----------------------

Research on Multimedia Coding and Communication

(1) Network-Adaptive Video Streaming

(2) Distributed Video Coding (Joint Work with Ngai-Man Cheung)

(3) Other Research Projects

(3) USC Course Projects

----------------------

Network-adaptive Video Streaming

Multiple Description Layered Coding (MDLC)

Layered coding (LC) and multiple description coding (MDC) have been proposed as two different kinds of "quality adaptation"
schemes for video delivery over the current Internet or wireless networks. To combine the advantages of LC and MDC, we present a
new approach -- Multiple Description Layered Coding (MDLC), to provide reliable video communication over a wider range of network
scenarios and application requirements. MDLC improves LC in that it introduces redundancy in each layer so that the chance of
receiving at least one description of base layer is greatly enhanced. Though LC and MDC are each good in limited cases (e.g.,
long end-to-end delay for LC vs. short delay for MDC), the proposed MDLC system addresses those intermediate cases as well.
Same as a LC system with retransmission, the MDLC system can have a feedback channel to indicate which descriptions have been
correctly received. Thus a low redundancy MDLC system can be implemented with our proposed runtime packet scheduling system
based on the feedback information.

Rate-Distortion Optimized Video Streaming for Video Codecs with Multiple Decoding Paths

Previous work on rate-distortion (R-D) optimized video streaming (particularly packet scheduling) is mainly focused on encoding techniques, such as layered coding, which generate only one set of dependent packets. However, such a single encoded stream cannot easily provide the optimal operational R-D points over variable channel environments (e.g., at different channel bandwidths and packet loss rates). On the other hand, it is sometimes impractical for a live encoder to adapt to the varying channel conditions on the fly by completely switching between different modes of operation in a very short time. Thus, in our research, we extend the streaming framework to include an important case, namely, that of a codec that produces multiple redundant versions of the media data to enhance the adaptation flexibility. For example, we proposed a new coding technique, Multiple Description Layered Coding, by combining the advantages of layered coding and multiple description coding. To address this kind of codecs with redundancy between data units, we introduced a new source model, Directed Acyclic HyperGraph (DAHG), to represent the data dependencies and correlation between different video data units, from which the expected end-to-end distortion can be accurately estimated. With the DAHG model, we applied Lagrangian optimization to adjust the system's real-time redundancy to match the channel behavior, thus to achieve the best expected performance. The end-to-end performance achieved by optimal scheduling on a redundant source codec shows a consistent improvement over the traditional source codecs that generate only one decoding path. Both source redundancy and transport redundancy were carefully studied for both error robustness and bandwidth adaptation.

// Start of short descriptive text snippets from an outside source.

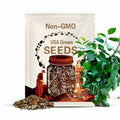 River Leaf Vine Seeds, h?t l¨¢ giang - (5 PCS - high germination rate 85%)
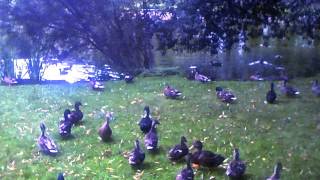 Lou Reed and the Sex Pistols -- Sparrowboy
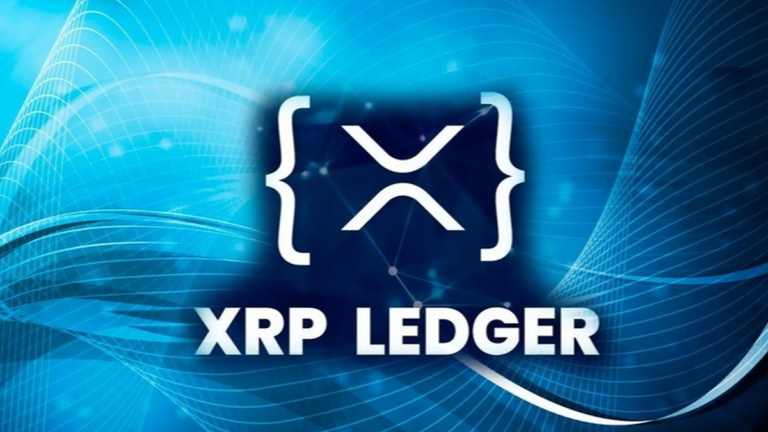 XRPL Hub Goes Public: Ripple CTO Pushes Transparency for XRP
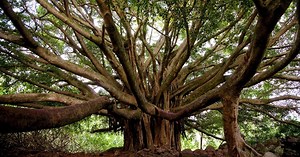 Road to Hana - Things to do along the Hana Highway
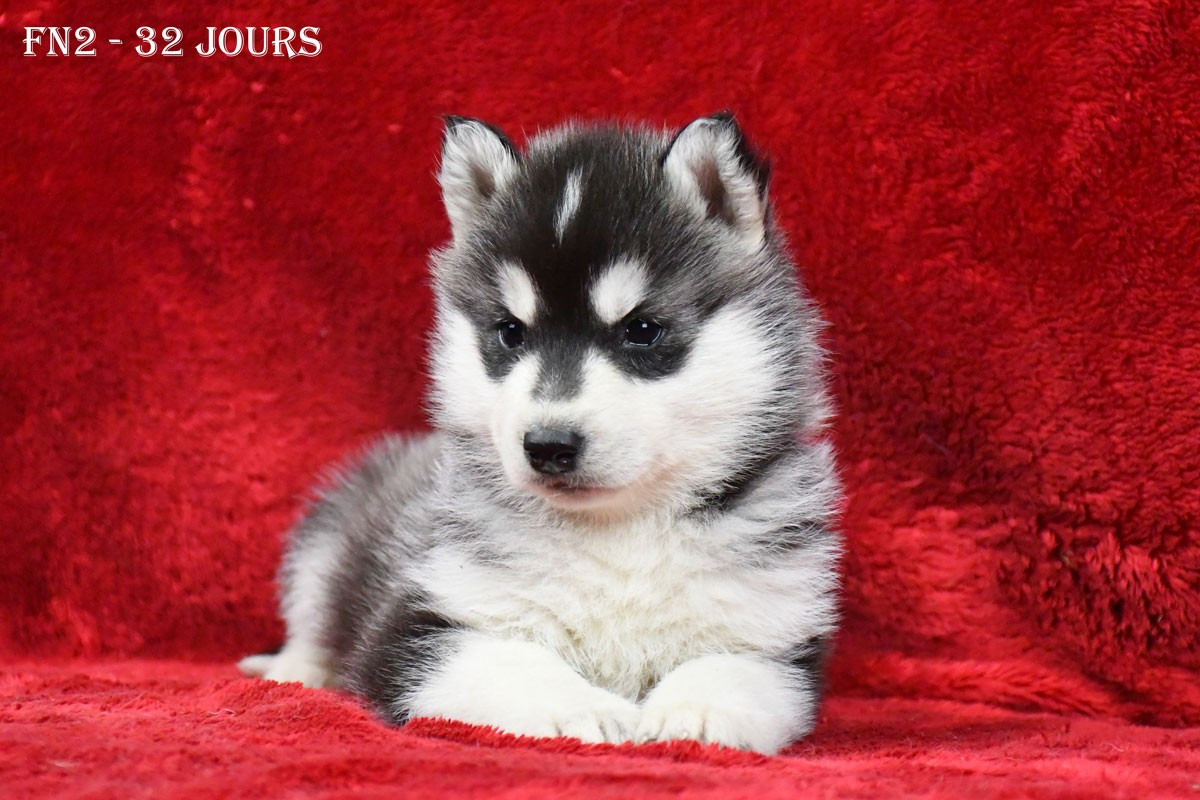 de la source du Montet - Chiots disponibles - Siberian Husky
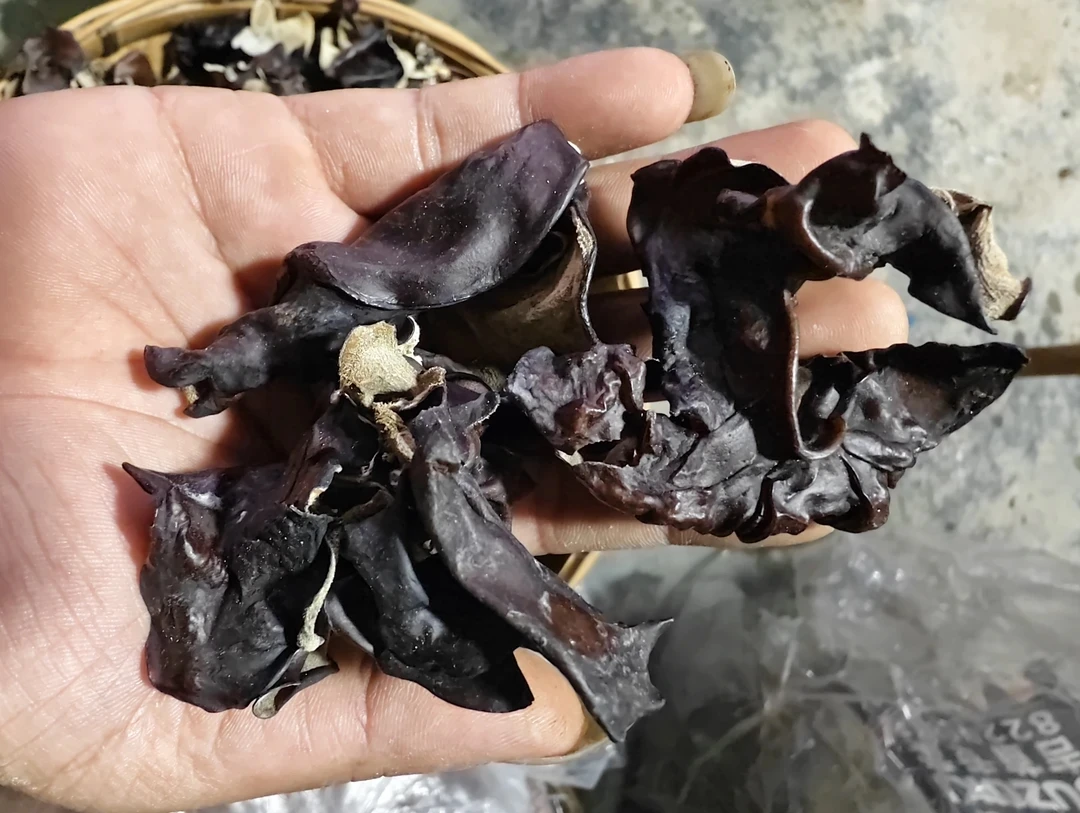 湖南湘西农家大木耳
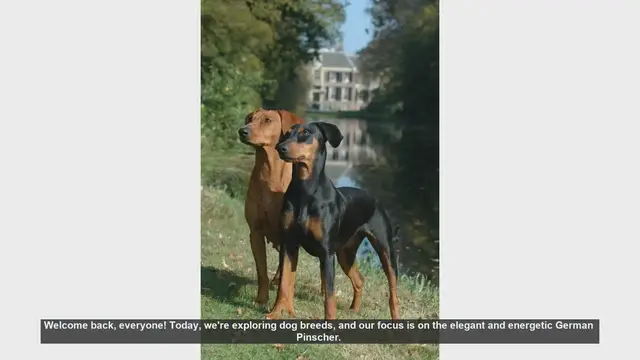 Video thumbnail for German Pinscher: Pros and Cons of This Energetic Breed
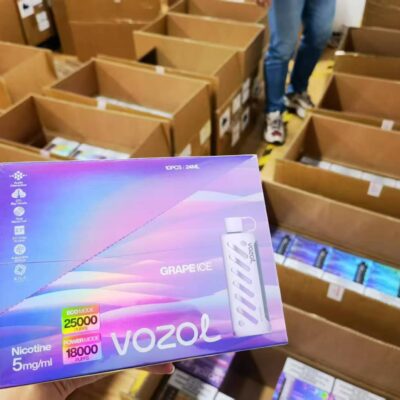 vozol gear shisha 25k 8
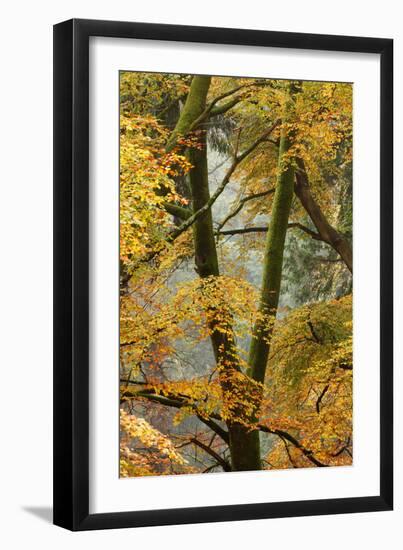 Trees in English Woodland-David Baker-Framed Photographic Print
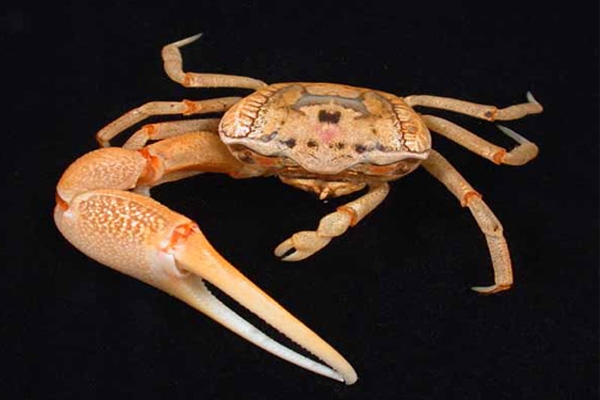 fiddler crab
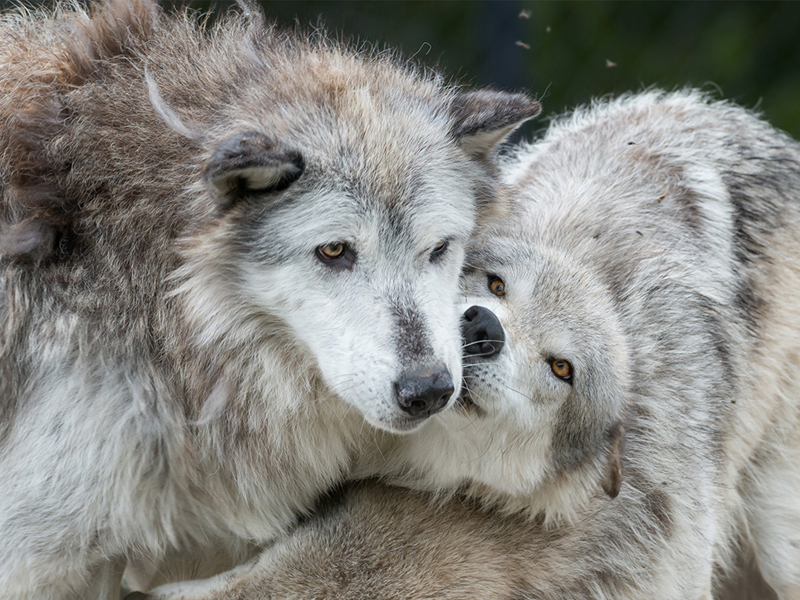 Wolves & Wildlife of Yellowstone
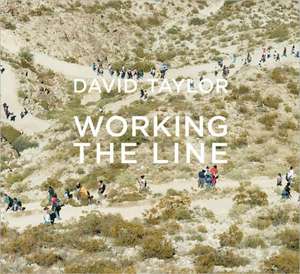 DAVID TAYLOR WORKING LINE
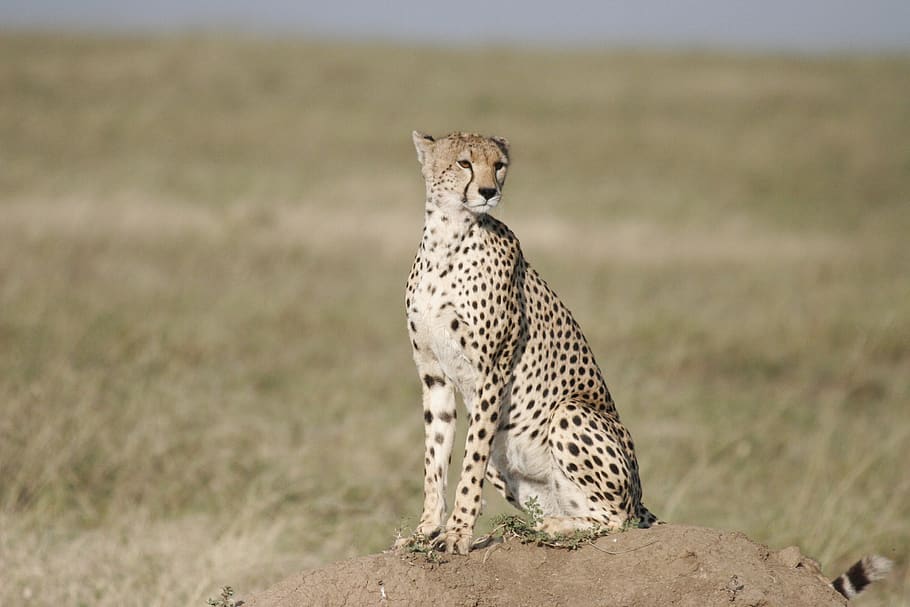 cheetah, sit, safari, tanzania, kenya, serengeti, cat, nature, wild, mother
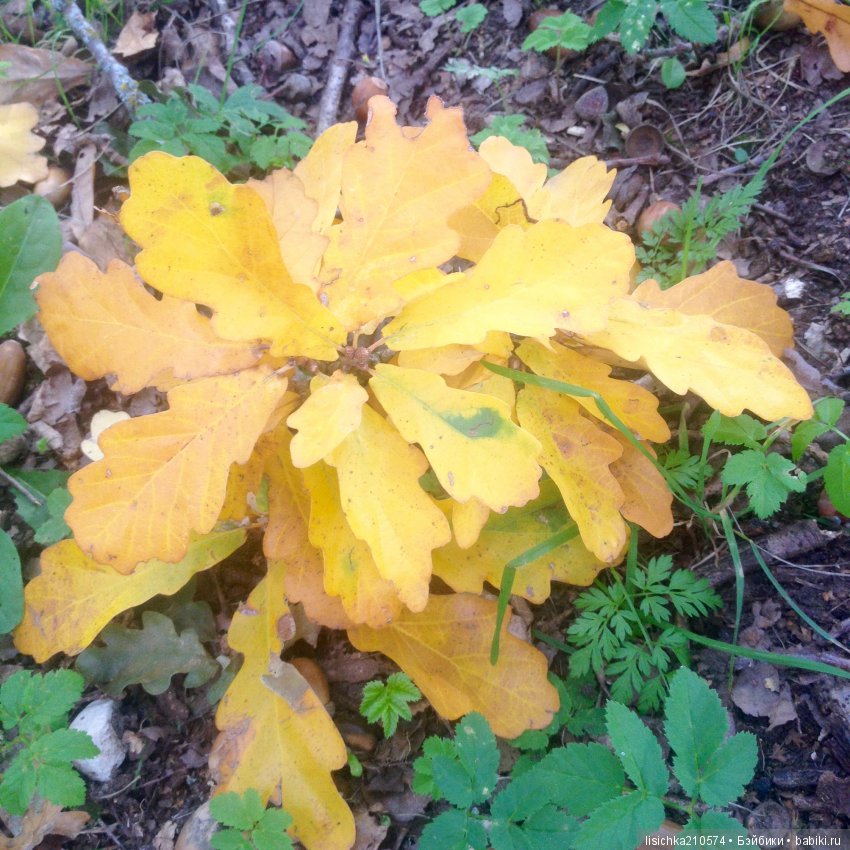 Осенние зарисовки — Интересное обо всем: поздравления (фото 4)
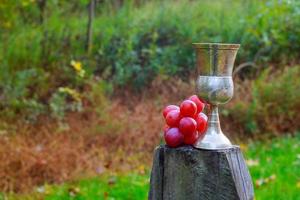 vino sabroso sobre fondo de uva de barril de madera foto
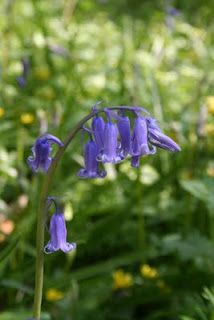 STOPPRESS - The bluebells are out...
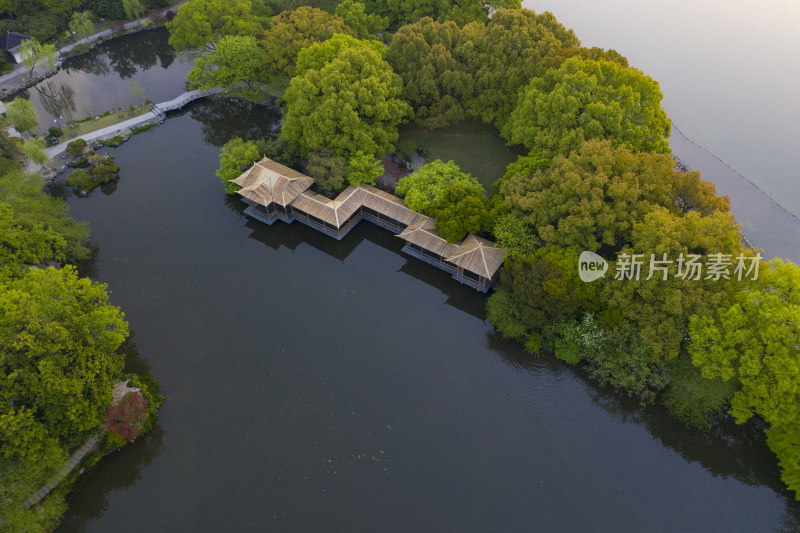 杭州西湖十景之一花港观鱼春天航拍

BSD Transformation for Format-Agnostic Bit-Stream Adaptation Using the MEPG-21 DIA 

(Joint work with Debargha Mukherjee and Sam Liu at HP Labs)

Part 7 of MPEG-21, entitled Digital Item Adaptation (DIA), deals with descriptions and protocols enabling content adaptation for different networks and terminals. Scalable representations enable efficient and secure content adaptation along the delivery path without re-encoding video contents. Mukherjee et al at HP Labs have proposed Structured Scalable Metaformats (SSM) for scalable bit stream adaptation, that allows downscaling of content by simply deleting segments and minor bit stream editing. It contains a decision-making module cascaded with a bit-stream adaptation module that models the adaptation process as an XML transformation operating on a high-level syntax description of the bit stream. The previous generic Bit-stream Syntax Description (gBSD) transformation architecture is based on the DOM API, which is memory consuming in that the full input bit stream and gBSD have to be loaded in the memory for processing. In a streaming environment where the full bit stream and gBSD are not available or in a constrained environment where a large enough high-speed cache is not available, this architecture will not work. Instead of passing and storing the gBSD XML as an in-memory DOM tree, we proposed a new architecture based on SAX events. The event handler receives SAX event notifications as the gBSD is parsed, and thus allows generating the output bit stream and adapted gBSD on the fly, by successfully processing the input SAX events with the BSDTrI stylesheet.

Go to top index

----------------------

Distributed Video Coding

Wyner-Ziv Scalable Video Coding

We proposed a practical video coding framework based on distributed source coding principles, with the goal to achieve efficient and low-complexity scalable coding. Starting from a standard predictive coder as base layer (such as MPEG-4 baseline video coder in our implementation), the proposed Wyner-Ziv scalable (WZS) coder can achieve higher coding efficiency, by selectively exploiting the high quality reconstruction of the previous frame in the enhancement layer coding of the current frame. This creates a multi-layer Wyner-Ziv prediction "link", connecting the same bit-plane level between successive frames, thus providing improved temporal prediction as compared to MPEG-4 FGS, while keeping complexity reasonable at the encoder. Since the temporal correlation varies in time and space, a block-based adaptive mode selection algorithm is designed for each bit-plane, so that it is possible to switch between different coding modes. Experimental results show improvements in coding efficiency of 3 -4.5 dB over MPEG-4 FGS for video sequences with high temporal correlation. 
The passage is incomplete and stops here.